Given entries:

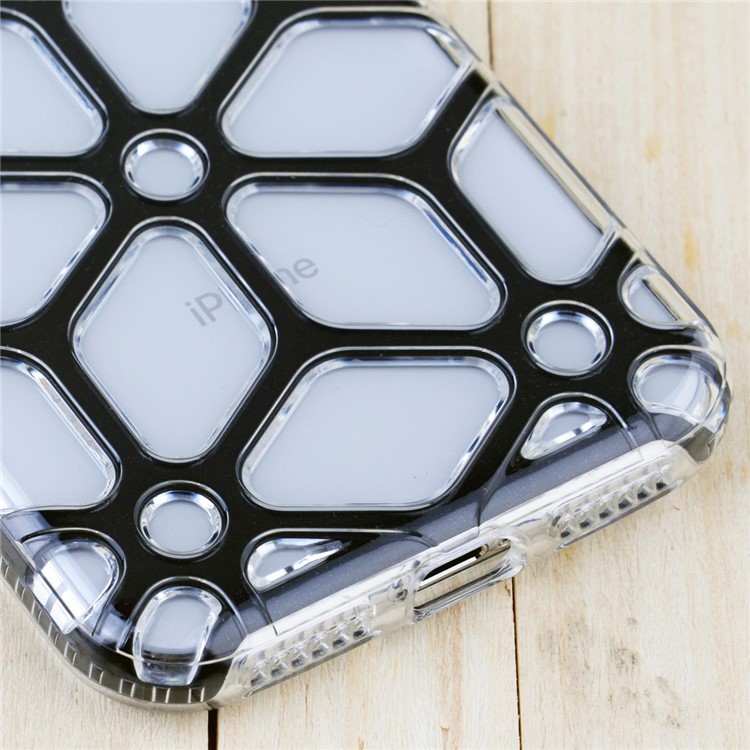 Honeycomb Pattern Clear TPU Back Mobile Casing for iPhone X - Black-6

* * *

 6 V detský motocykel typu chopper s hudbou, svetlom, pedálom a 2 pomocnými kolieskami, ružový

...

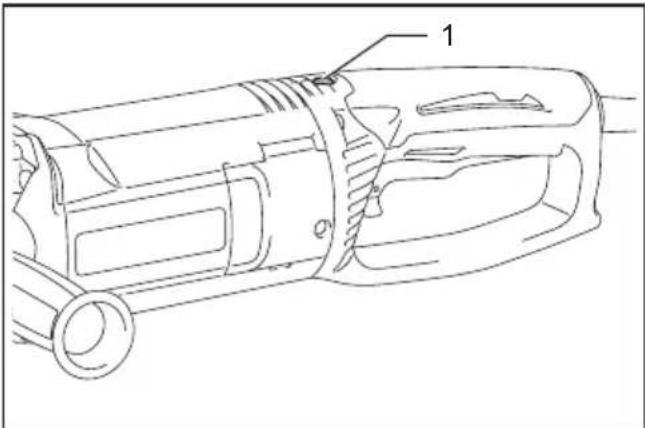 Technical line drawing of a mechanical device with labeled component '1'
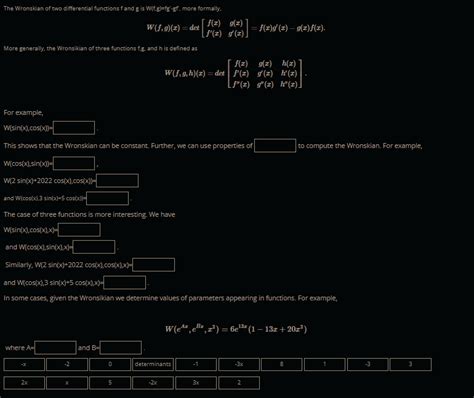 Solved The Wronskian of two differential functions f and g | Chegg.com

Assigned task: Copy out the lines above from the line containing "Technical line drawing" through the line containing "Solved The Wronskian", exactly, and keep the pictures out.

Task response:
 Technical line drawing of a mechanical device with labeled component '1'
 Solved The Wronskian of two differential functions f and g | Chegg.com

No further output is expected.